Following severance of the parison, the segregated unit 70 is placed upon the anvil element 81 of a cutting die 80. As shown by FIG. 14, striker element 82 engages the underside of the first tray flange area and presses it against the upper face of the second tray flange area. Held at this position by die 80, the excess polymer material represented by the band 65 may be trimmed by a shear 84.

Having fully described the preferred embodiments of our invention,

Claims

We claim:

1. A fluid container comprising: an outer article blank; an inner blow molded polymer lining wherein said article blank is further comprised of an integral sheet of thermal insulated, corrugated paperboard, said sheet having a centralized bottom panel defined by a plurality of straight first score lines continued substantially end to end to and from points of angular departure around a closed perimeter of a polygon, each of said first score lines delineating a bottom edge of a corresponding side wall section also having lateral edges and a top edge, said lateral edges respective to adjacent said side wall sections radiating in straight lines from one of said points of angular departure to said top edges of said respective side walls, at least one wall panel of said top edge being defined by a straight second score line delineating a top flange panel such that said blank is formed into a tray; and a polymer lining is in integral contact with said tray to form said fluid container such that said polymer lining is blow molded into contact with said tray.

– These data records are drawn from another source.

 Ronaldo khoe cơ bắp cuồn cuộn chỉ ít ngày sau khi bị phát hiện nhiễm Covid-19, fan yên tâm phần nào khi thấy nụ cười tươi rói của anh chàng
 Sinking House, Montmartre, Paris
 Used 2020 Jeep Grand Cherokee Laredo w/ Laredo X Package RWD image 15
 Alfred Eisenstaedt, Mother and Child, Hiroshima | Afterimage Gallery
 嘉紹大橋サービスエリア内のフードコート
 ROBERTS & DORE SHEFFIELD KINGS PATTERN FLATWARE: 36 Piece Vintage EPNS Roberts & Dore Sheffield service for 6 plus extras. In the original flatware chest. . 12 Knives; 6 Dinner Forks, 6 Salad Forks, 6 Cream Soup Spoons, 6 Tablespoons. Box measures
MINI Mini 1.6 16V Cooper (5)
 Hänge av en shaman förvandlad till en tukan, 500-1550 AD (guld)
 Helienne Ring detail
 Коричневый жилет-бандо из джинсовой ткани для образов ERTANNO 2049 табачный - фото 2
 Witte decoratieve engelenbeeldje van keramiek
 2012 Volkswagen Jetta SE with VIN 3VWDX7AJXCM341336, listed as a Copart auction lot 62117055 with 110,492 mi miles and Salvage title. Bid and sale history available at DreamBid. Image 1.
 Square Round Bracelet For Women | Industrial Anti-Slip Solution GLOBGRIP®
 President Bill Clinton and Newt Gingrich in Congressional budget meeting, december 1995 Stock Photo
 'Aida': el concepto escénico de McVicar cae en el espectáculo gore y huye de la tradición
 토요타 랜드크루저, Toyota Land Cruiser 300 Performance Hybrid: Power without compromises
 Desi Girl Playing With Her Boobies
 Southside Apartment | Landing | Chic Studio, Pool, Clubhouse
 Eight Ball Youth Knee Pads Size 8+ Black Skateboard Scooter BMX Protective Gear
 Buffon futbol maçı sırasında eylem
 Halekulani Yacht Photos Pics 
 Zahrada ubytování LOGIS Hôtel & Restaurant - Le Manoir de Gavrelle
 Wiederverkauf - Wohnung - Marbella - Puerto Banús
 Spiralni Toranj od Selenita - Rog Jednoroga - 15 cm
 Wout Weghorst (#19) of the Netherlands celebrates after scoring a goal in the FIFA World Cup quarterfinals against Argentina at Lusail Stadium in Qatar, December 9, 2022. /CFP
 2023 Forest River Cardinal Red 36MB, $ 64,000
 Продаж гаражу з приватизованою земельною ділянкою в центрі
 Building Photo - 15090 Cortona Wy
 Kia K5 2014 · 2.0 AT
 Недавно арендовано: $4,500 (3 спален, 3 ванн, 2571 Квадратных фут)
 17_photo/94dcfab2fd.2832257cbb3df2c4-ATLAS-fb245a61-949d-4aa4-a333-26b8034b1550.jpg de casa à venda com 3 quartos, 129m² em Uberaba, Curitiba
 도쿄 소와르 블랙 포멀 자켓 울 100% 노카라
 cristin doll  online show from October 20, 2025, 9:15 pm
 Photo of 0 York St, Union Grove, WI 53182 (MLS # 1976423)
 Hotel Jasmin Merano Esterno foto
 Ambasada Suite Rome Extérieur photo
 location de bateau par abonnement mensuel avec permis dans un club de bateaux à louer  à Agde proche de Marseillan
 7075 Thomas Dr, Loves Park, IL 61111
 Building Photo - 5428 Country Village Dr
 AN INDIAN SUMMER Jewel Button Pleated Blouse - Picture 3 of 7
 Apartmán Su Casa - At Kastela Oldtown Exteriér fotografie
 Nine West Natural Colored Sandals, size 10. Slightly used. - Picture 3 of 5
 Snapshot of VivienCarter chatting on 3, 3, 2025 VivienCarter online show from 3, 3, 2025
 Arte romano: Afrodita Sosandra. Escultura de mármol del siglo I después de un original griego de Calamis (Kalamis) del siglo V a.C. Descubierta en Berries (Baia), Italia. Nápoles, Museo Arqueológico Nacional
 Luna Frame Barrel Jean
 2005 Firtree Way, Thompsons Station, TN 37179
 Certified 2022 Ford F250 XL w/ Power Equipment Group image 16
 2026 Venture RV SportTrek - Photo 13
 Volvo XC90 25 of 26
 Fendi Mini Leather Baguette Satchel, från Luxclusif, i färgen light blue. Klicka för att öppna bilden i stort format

2. An article blank as described by claim 1 wherein said polygon is a square.

3. An article blank as described by claim 1 wherein said polygon is a rectangle.

4. An article blank as described by claim 1 wherein said polygon is a pentagon.

5. An article blank as described by claim 1 wherein said polygon is a hexagon.

6. An article blank as described by claim 1 wherein said polygon is an octagon.

7. A fluid holding article comprising: an outer article blank and an inner blow molded polymer lining wherein said blank is further comprised of an integral, thermal insulated, corrugated paperboard sheet formed in a configuration having a centralized, planar bottom panel defined by a plurality of straight first fold lines continued substantially end to end to and from points of angular departure around a closed perimeter of a polygon; each of said first fold lines delineating a bottom edge of a corresponding planar side wall section also having lateral edges and a top edge; said lateral edges respective to adjacent said side wall sections radiating in straight lines from one of said points of angular departure to said top edges of said respective side walls; at least one wall section of said top edge being defined by a straight second fold line delineating an adjacent top flange panel; a plane of said side wall sections being erected at an angle to a plane of said bottom panel whereby said straight line edges of said adjacent side wall edges are aligned in adjacent parallelism and are facing said bottom panel and said side walls in order to define an interior surface; and said side walls being structurally secured at said erected angle to said bottom panel by an integral, continuous, fluid impermeable, blow molded coating of a polymer applied to said bottom panel and said side wall interior surfaces of said formed corrugated paperboard sheet.

8. A fluid holding article as described by claim 7 wherein said polygon is a square.

9. A fluid holding article as described by claim 7 wherein said polygon is a rectangle.

10. A fluid holding article as described by claim 7 wherein said polygon is a pentagon.

11. A fluid holding article as described by claim 7 wherein said polygon is a hexagon.

12. A fluid holding article as described by claim 7 wherein said polygon is an octagon.